Foto: Ilustração | Pixabay

A questão animal tem evoluído e se expandido cada vez mais no Brasil. Esse crescimento do reconhecimento da dignidade animal inerente é expresso no seio da sociedade, nos movimentos animalistas, no Poder Executivo, no Poder Legislativo, no Poder Executivo, na produção científica etc.

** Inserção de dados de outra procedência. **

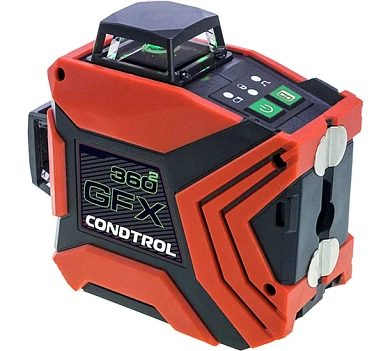 Нивелир лазерный GFX360-2 (20-40 м, точн.: ±0.3 мм/м, зеленый луч, IP54) (1-2-229) CONDTROL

Alguns exemplos recentes dessa evolução são: o aumento das pessoas vegetarianas e veganas no Brasil, em virtude da conscientização da crueldade envolvida na criação e no abate de animais; o crescimento do número de denúncias de maus-tratos animais pela sociedade em geral (resultando, inclusive, na criação de delegacias especializadas); o reconhecimento da senciência animal pelo Supremo Tribunal Federal, quando do julgamento, em 2016, do processo da vaquejada (Ação Direta de Inconstitucionalidade nº 4.983/CE); a aprovação da Lei Sansão (Lei nº 14.064/2020), que aumentou a pena para 2 a 5 anos para quem maltratar cães e gatos; a existência de políticas públicas de castração e de hospitais veterinários públicos.

Ainda, ilustrativamente, houve: a publicação, em 2021, de decisão do Tribunal de Justiça do Estado do Paraná (TJPR), no Agravo de Instrumento nº 0059204-56.2020.8.16.0000, que reconheceu a capacidade jurídica de cães; o fortalecimento de revistas científicas sobre Direito Animal; o surgimento de cursos de Pós-Graduação sobre a questão animal, assim como a criação da disciplina optativa de Direito Animal em vários cursos jurídicos de instituições de ensino superior públicas e privadas.
O Direito Animal, que se alicerça no reconhecimento da dignidade inerente dos animais não humanos, possui fundamentação constitucional (uma vez que a Carta Magna veda a crueldade animal) e autonomia acadêmica, não se confundindo com o Direito Ambiental, mas se configurando como uma nova área jurídica.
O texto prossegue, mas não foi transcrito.